INPUT MATERIAL -
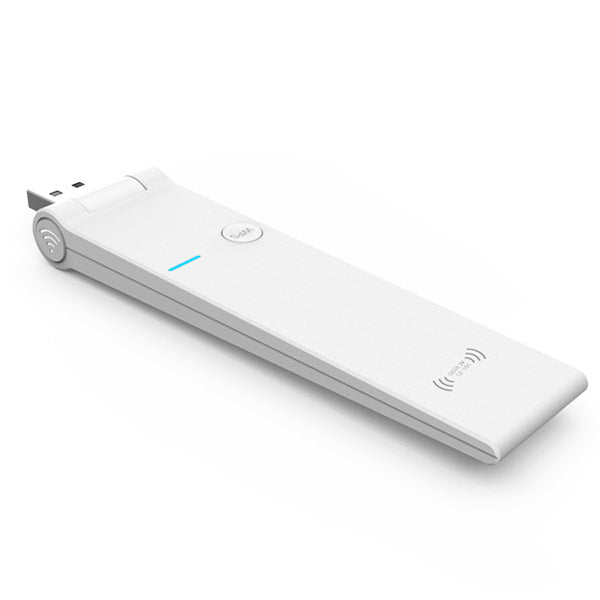 winstar-wireless-ac1300m-dual-band-usb-3-0-adapter at www.mallsonline.com.au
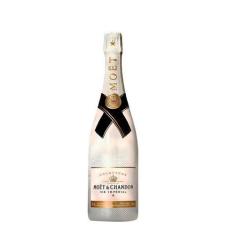 Champagne Moët & Chandon Ice Impérial Demi-sec 750ml - Moet & Chandon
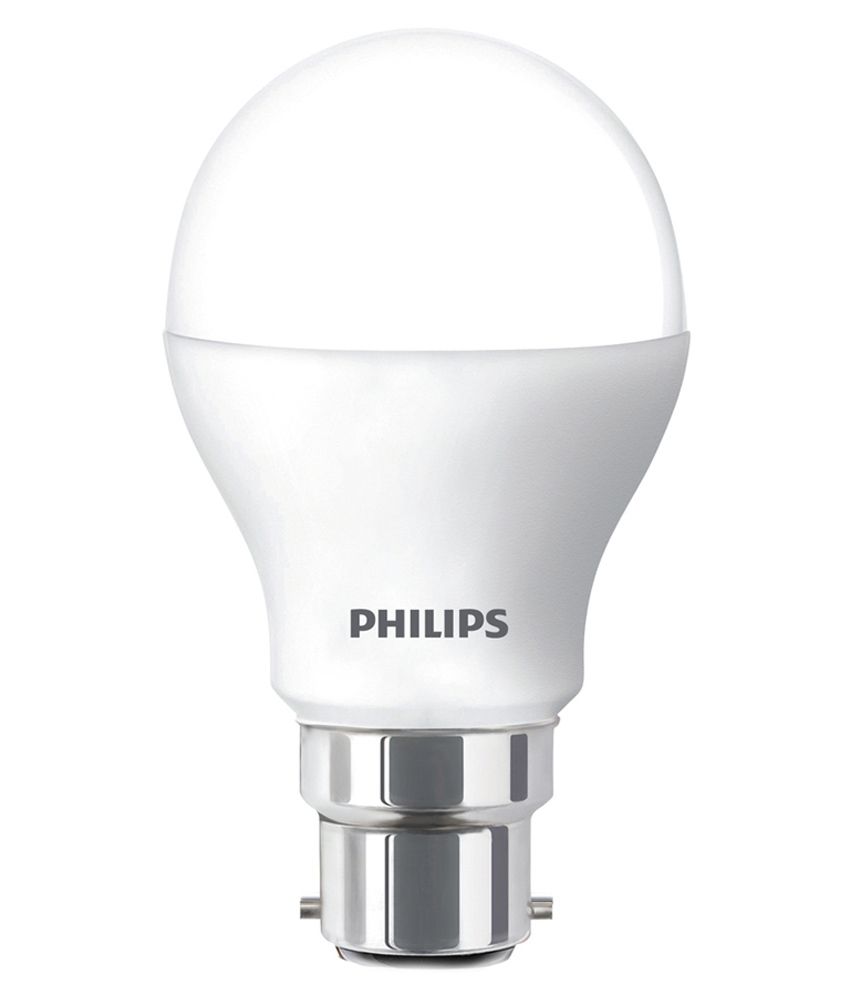 philips t bulb 14 watt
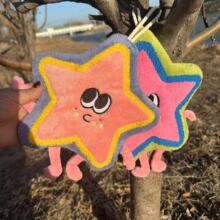 �羳؛Դɺ���q��ͨ�ǌ����ֽ���ˮ�ٸ�ë�����|���|�ǿ�ӡ��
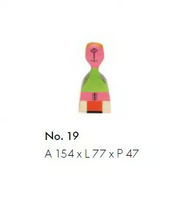 WOODEN-DOLLS-Vitra-278155-dim34c24b1f.png thumb image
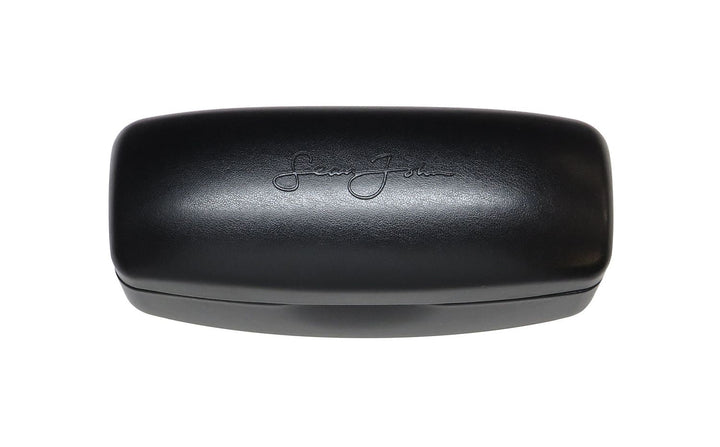 Sean John 6025 Eyeglasses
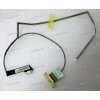 LCD LVDS cable Lenovo IdeaPad G565, Y570, Y575 (p/n: DC020017910)
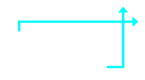 Sumamx
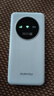 迅优随身wifi三网通充电宝款无线wifi6便携式4G路由器网卡移动联通电信无限制全国通用流量2025款5GXY 【升级版X7Pro】WIFI6三网通10000毫安 不限速不虚标月享1500G流量 实拍图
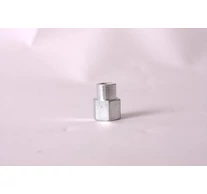 DAMILFEJ ALKATRÉSZ UNIVERZÁLIS TIPUSUHOZ  8X1,25 ANYA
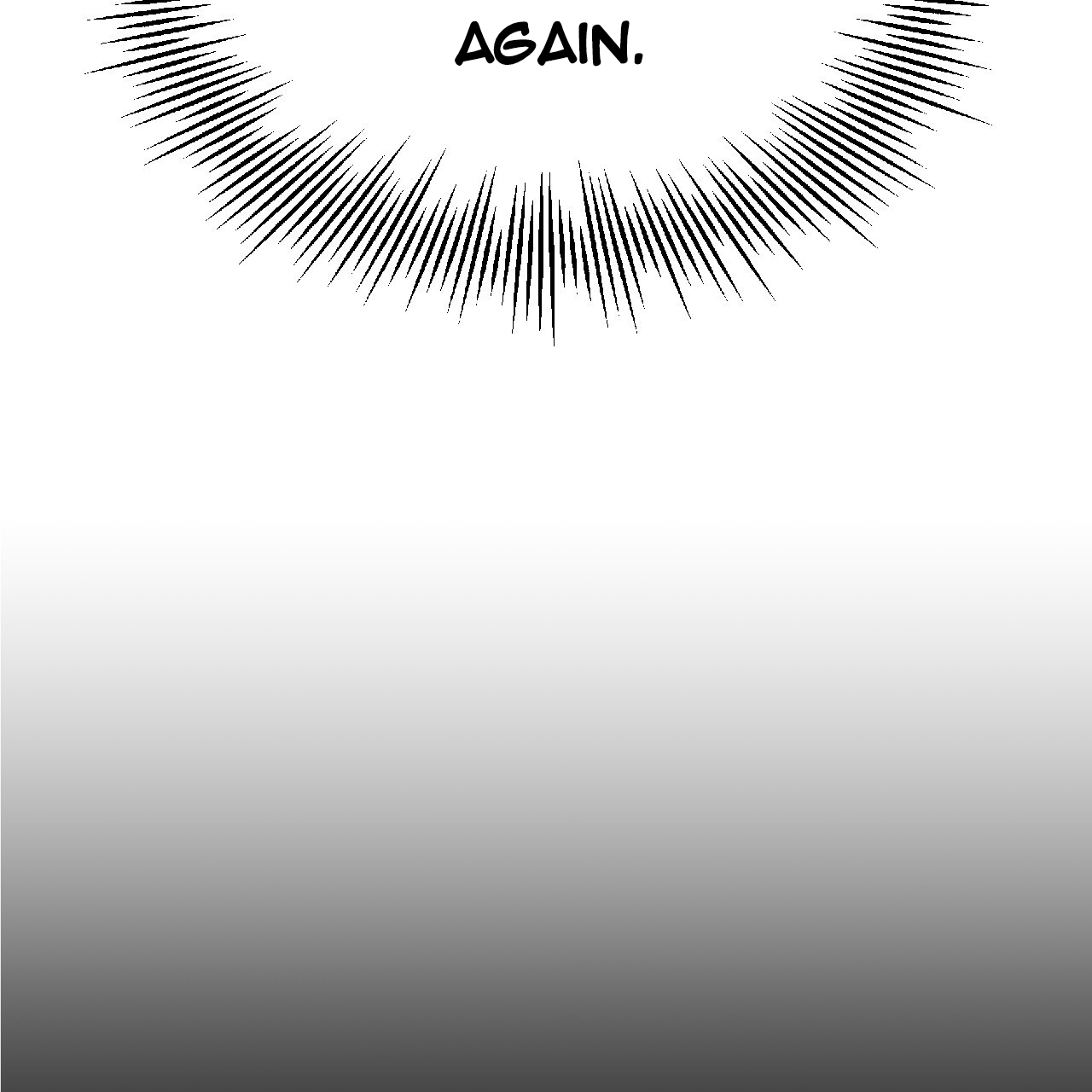 Death Delayed for a Short Time Because of the Will (BL) - Chapter 58 manhwa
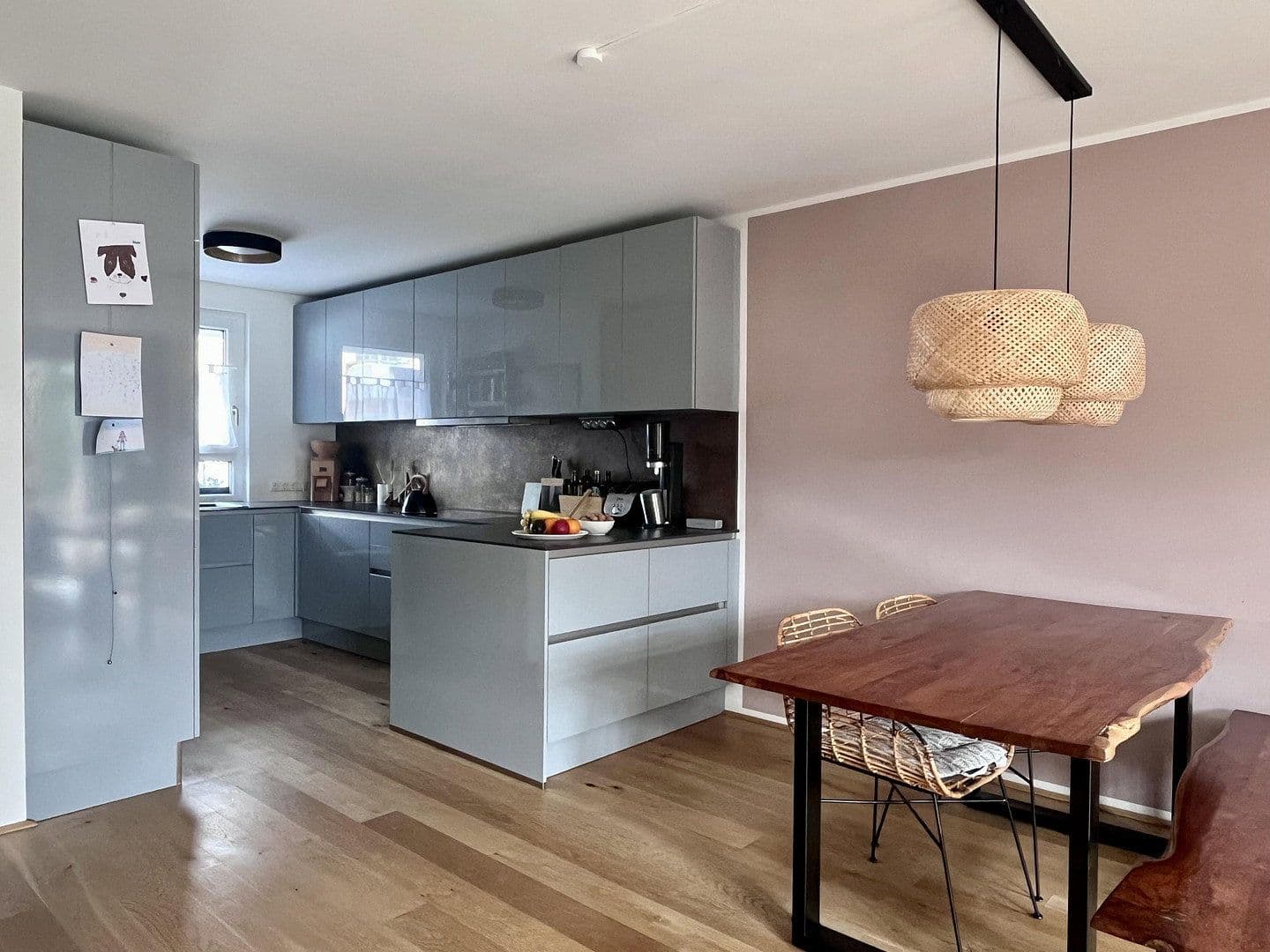 house for sale, 130 m², Aßling, Bavaria house for sale, 130 m², Aßling, Bavaria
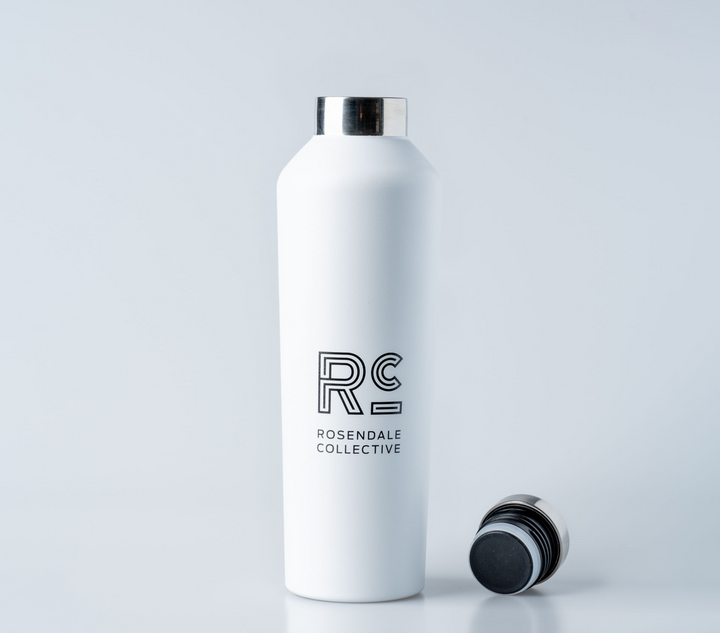 RC Water Bottles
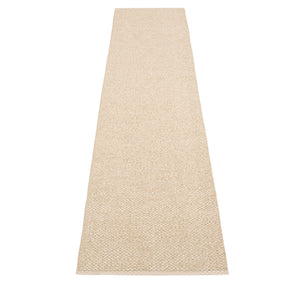 Svea Beige/ Beige met.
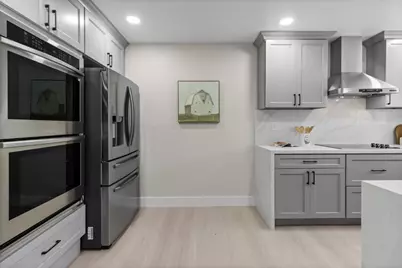 2743 Gamble Ct, Hayward, CA 94542 - Photo 13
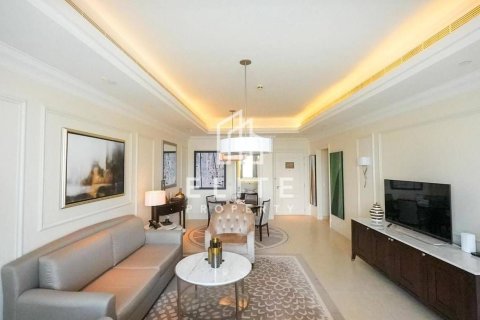 Apartment in Dubai studio, 84 sq.m. № 69916 - photo 4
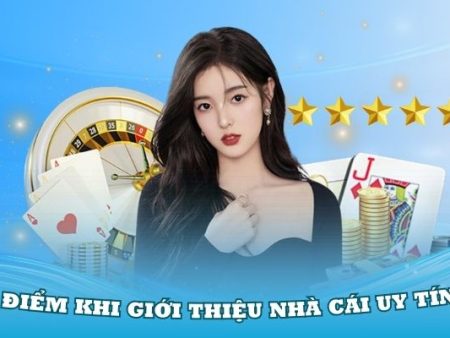 Mẹo chơi bầu cua tôm cá trăm trận trăm thắng mới nhất mu88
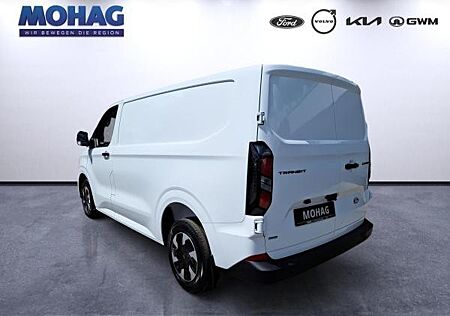 Ford Transit Custom Kasten Trend 320 L1 2,5 l ⚡PHEV 233PS⚡ ***Sofort Verfügbar***INKL. WARTUNG & VERSCHLEIß bei 36/48 M
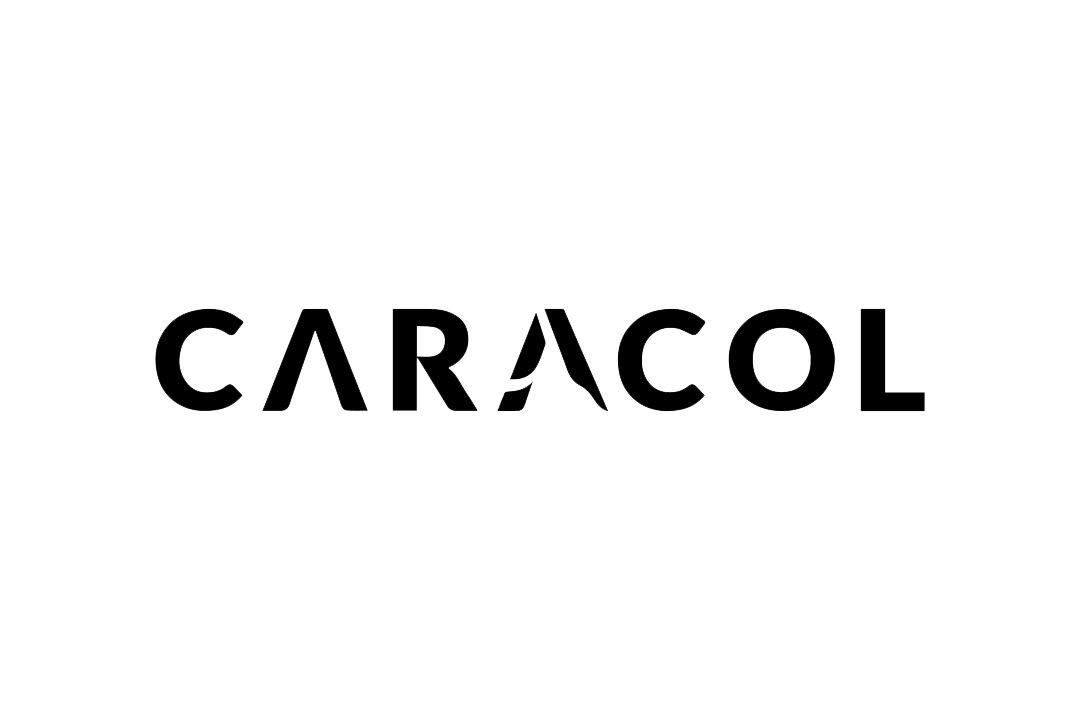 Caracol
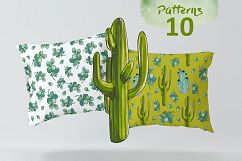 Desert set Product Image 5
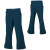 prAna Bliss Capri - Women's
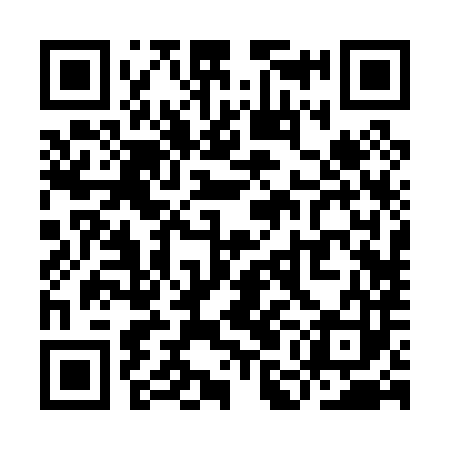 QR code for YMB083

AIM OF THE TASK -
The whole listing, pictures excluded, should be output exactly.

EXERCISE ANSWER -
 winstar-wireless-ac1300m-dual-band-usb-3-0-adapter at www.mallsonline.com.au
 Champagne Moët & Chandon Ice Impérial Demi-sec 750ml - Moet & Chandon
 philips t bulb 14 watt
 �羳؛Դɺ���q��ͨ�ǌ����ֽ���ˮ�ٸ�ë�����|���|�ǿ�ӡ��
 WOODEN-DOLLS-Vitra-278155-dim34c24b1f.png thumb image
 Sean John 6025 Eyeglasses
 LCD LVDS cable Lenovo IdeaPad G565, Y570, Y575 (p/n: DC020017910)
 Sumamx
 迅优随身wifi三网通充电宝款无线wifi6便携式4G路由器网卡移动联通电信无限制全国通用流量2025款5GXY 【升级版X7Pro】WIFI6三网通10000毫安 不限速不虚标月享1500G流量 实拍图
 DAMILFEJ ALKATRÉSZ UNIVERZÁLIS TIPUSUHOZ  8X1,25 ANYA
 Death Delayed for a Short Time Because of the Will (BL) - Chapter 58 manhwa
 house for sale, 130 m², Aßling, Bavaria house for sale, 130 m², Aßling, Bavaria
 RC Water Bottles
 Svea Beige/ Beige met.
 2743 Gamble Ct, Hayward, CA 94542 - Photo 13
 Apartment in Dubai studio, 84 sq.m. № 69916 - photo 4
 Mẹo chơi bầu cua tôm cá trăm trận trăm thắng mới nhất mu88
 Ford Transit Custom Kasten Trend 320 L1 2,5 l ⚡PHEV 233PS⚡ ***Sofort Verfügbar***INKL. WARTUNG & VERSCHLEIß bei 36/48 M
 Caracol
 Desert set Product Image 5
 prAna Bliss Capri - Women's
 QR code for YMB083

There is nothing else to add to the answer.